Nada de escaquearse, pensó, y llevó el té a la mesita.

—Estamos saliendo.

—Le tengo mucho aprecio. Es un buen hombre, y también muy guapo. Tiene buen corazón y una naturaleza afable. Viene a visitarme de vez en cuando solo para ver qué tal estoy y para preguntarme si puede hacer alguna cosa por mí.

—No lo sabía, pero es típico de él.

—Tiene algo, y aunque sé cómo es el mundo, no puedo aprobar… bueno, el sexo antes del matrimonio.

«¡Madre del amor hermoso —rogó Meara—, ten piedad y ahórrame la charla sobre sexo!»

—Entendido.

—Tengo la misma opinión con respecto a Donal y a Sharon, pero… Un hombre es un hombre, a fin de cuentas, y todos quieren esas cosas, con o sin sagrado matrimonio de por medio.

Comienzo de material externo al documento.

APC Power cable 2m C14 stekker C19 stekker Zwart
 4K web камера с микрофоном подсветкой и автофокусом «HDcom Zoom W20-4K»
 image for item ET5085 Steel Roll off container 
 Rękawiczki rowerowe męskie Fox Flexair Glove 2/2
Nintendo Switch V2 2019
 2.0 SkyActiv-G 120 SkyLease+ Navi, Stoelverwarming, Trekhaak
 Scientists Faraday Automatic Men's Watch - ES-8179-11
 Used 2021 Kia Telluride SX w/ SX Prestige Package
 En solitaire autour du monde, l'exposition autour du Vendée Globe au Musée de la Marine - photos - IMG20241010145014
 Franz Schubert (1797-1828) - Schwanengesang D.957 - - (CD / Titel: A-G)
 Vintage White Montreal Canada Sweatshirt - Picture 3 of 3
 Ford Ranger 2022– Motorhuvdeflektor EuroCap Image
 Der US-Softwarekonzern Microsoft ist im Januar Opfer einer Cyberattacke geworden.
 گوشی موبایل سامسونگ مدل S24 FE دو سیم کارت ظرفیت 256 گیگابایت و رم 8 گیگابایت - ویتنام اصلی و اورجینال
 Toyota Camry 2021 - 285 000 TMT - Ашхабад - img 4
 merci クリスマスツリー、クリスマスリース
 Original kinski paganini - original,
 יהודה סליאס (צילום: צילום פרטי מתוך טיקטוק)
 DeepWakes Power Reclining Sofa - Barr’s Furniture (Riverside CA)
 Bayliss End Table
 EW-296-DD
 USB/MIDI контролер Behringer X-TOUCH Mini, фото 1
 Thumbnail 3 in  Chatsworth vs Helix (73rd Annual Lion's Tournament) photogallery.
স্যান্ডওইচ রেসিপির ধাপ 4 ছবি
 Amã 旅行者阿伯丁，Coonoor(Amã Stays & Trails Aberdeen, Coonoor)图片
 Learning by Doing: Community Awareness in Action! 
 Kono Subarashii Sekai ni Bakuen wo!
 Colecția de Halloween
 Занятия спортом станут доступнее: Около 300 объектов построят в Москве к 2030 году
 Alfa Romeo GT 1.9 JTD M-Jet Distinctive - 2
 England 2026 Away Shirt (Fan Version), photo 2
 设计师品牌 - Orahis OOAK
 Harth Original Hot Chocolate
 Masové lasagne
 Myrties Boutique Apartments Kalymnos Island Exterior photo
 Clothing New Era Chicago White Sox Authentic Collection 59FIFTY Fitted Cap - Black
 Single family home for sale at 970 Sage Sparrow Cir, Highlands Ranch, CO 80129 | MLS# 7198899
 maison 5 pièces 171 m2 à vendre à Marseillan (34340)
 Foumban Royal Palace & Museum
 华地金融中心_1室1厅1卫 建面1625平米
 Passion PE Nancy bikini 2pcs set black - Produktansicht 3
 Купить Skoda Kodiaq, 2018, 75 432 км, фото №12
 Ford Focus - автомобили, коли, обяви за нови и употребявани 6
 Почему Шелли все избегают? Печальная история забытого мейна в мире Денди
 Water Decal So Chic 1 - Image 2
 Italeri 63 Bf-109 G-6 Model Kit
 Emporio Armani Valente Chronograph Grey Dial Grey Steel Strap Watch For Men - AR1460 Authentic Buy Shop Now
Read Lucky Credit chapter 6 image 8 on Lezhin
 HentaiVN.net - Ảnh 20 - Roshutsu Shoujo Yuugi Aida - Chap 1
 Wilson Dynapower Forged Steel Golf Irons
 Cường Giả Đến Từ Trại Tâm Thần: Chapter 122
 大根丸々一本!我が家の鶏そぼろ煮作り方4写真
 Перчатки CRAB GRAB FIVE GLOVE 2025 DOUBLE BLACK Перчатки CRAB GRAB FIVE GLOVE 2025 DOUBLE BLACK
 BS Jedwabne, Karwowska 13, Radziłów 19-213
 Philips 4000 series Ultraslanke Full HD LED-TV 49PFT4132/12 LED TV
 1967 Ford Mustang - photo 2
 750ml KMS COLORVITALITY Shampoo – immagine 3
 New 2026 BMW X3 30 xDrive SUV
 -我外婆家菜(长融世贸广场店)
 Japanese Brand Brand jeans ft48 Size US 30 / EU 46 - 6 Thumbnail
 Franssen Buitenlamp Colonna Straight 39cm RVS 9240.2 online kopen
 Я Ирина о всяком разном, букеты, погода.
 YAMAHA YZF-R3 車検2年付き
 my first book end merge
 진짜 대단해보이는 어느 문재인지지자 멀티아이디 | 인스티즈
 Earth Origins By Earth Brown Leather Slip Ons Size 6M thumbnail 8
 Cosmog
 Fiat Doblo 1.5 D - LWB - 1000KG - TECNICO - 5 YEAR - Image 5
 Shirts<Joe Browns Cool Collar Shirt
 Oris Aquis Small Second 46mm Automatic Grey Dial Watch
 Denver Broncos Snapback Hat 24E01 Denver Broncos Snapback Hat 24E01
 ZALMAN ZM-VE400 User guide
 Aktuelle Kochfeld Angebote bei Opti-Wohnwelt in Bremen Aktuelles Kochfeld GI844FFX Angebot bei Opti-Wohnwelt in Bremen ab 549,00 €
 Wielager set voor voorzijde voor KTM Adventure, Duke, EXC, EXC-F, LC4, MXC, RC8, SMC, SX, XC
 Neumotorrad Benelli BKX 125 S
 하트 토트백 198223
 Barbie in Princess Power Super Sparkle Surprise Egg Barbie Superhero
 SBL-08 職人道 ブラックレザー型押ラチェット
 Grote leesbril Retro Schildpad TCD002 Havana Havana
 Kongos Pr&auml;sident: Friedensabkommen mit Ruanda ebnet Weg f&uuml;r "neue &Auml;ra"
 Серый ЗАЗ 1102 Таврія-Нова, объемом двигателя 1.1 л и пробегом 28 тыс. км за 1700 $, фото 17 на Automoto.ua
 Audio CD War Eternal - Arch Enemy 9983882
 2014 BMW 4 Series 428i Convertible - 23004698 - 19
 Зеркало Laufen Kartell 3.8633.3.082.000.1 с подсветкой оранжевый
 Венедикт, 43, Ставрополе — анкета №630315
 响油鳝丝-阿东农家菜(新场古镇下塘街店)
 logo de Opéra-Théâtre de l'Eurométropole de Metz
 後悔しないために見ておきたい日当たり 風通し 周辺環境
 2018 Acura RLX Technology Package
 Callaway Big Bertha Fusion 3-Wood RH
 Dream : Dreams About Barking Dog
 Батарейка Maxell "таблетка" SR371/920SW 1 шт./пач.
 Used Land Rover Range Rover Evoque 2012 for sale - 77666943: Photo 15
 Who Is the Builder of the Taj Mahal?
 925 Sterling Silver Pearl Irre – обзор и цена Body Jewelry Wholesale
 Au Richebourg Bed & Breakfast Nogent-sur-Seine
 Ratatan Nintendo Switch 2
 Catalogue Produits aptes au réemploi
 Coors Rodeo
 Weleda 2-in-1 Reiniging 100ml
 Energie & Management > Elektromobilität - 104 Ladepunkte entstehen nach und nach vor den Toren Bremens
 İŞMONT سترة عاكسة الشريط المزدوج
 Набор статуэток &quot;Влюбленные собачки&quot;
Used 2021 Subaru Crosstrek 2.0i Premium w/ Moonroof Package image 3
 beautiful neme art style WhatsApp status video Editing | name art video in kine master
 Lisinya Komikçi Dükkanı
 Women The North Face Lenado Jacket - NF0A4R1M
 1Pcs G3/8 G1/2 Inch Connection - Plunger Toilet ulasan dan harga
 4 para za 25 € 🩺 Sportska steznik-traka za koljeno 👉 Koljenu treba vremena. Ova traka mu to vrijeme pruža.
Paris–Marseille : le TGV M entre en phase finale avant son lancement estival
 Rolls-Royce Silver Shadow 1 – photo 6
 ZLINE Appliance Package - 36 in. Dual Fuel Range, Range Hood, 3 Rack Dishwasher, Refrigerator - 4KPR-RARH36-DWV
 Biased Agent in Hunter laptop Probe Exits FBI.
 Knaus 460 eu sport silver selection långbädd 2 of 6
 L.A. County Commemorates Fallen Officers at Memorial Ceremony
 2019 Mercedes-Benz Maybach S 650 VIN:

—Lo mismo que las mujeres, mamá, y detesto darte la noticia, pero soy una mujer adulta.

—Sea como sea —repuso Colleen con aire puritano—, sigues siendo mi hija. Y a pesar de lo que la Iglesia diga sobre tales asuntos, espero que tengas cuidado.

—Puedes estar tranquila.

—Lo estaré cuando estés felizmente casada y formes una familia en tu propia casa. Aprecio mucho a Connor, como ya he dicho, pero es un hecho que tiene buen ojo para las mujeres. Así que ten cuidado, Meara.

Cuando oyó abrirse la puerta principal, Meara le dio las gracias de manera apresurada.

—Y aquí está Donal para llevarte a Galway —dijo con alegría—. Voy a poner otra taza para él.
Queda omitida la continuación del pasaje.